Com 10 anos eu cortei todo o meu cabelo.
E me achei linda.
Com 10 anos ela deixa seus cabelos crescerem bastante.
E é linda.
Com 45 anos compreendi que meu biografema* é som.
E minha biografêmea* é silêncio.
Se para a mãe, da mãe, da mãe de minha mãe o silêncio era imperativo.
Para a filha, da filha, da filha de sua filha, ele é escolha.
Um caminho.
Uma estrada.
Uma transposição!
Hoje, ao olhar pelo retrovisor, eu vejo o futuro.
Vê-las crescer tem sido tudo.
E me surpreender tem sido uma imensidão.
Adoro quem se busca.
Mas amo quem se acha.
– Que enquanto eu esteja guiando, não me falte percepção, atenção e,
sobretudo, encantamento de olhar para trás para compreender o que está na
frente.
Nem que eu precise, de vez em quando, ajustar o retrovisor.

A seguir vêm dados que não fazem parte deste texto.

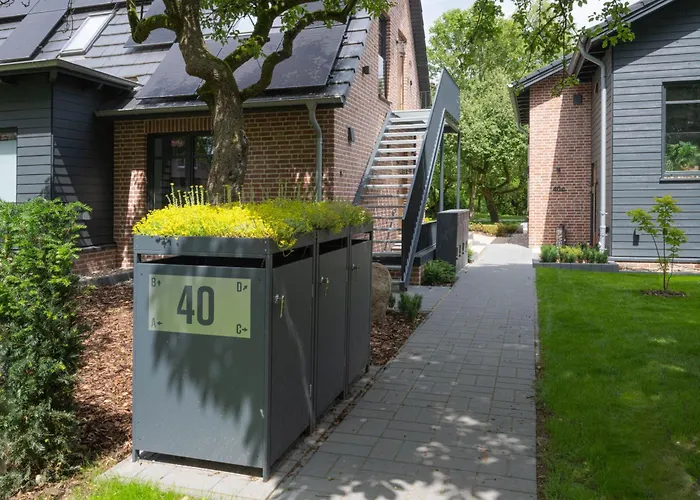 Traumhafte Am Park, Großer Balkon, Voll Ausgestattete Küche, Schreibtisch, Wifi, Smart Tv, Carport, Wallbox, Fahrräder Apartamento *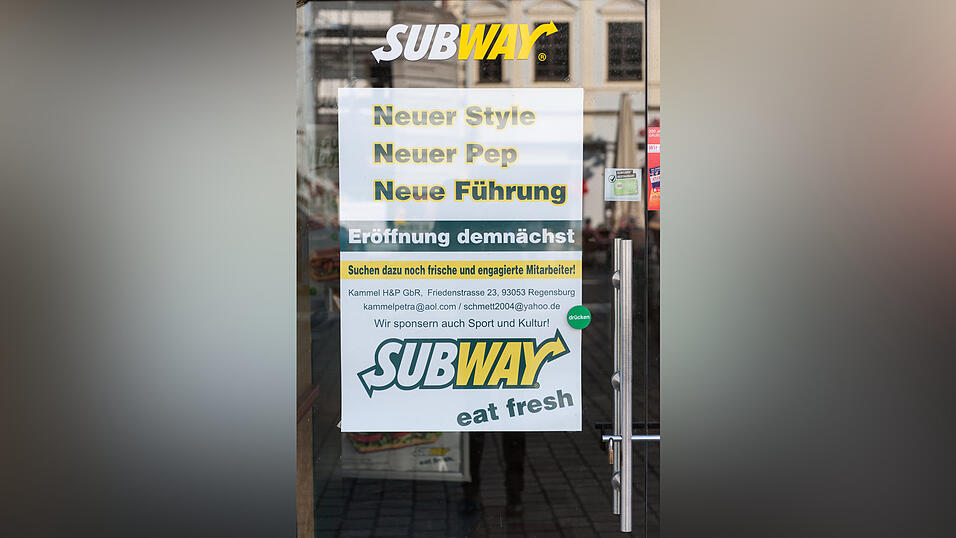 Die Franchisenehmerin Petra Kammel verspricht einige Neuerungen, die sie derzeit in den L&auml;den in Straubing, Dingolfing und Cham umsetzt. (Foto: Susanne Raith)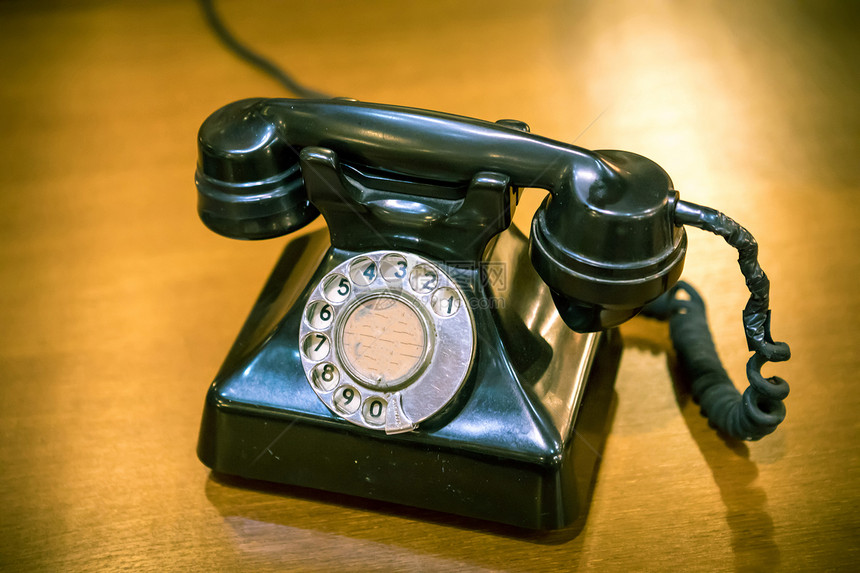 木旧桌子上的老式电话拨号数字办公室图片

“Quem sabe de tudo não fale
Quem não sabe nada se cale
Se for preciso eu repito
Porque hoje eu vou fazer
Ao meu jeito eu vou fazer
Um samba sobre o infinito”
Paulinho da Viola
*Biografema – conceito criado por Roland Barthes, que se refere, em termos gerais, a um detalhe como metonímia para a narração da vida de quem se narra. E, Biografêmeas é um processo criativo, desenvolvido pela professora e artista Sandra Lessa, onde o participante lê o passado e recria histórias de vida com a construção de um vídeo-carta destinada às suas ancestrais.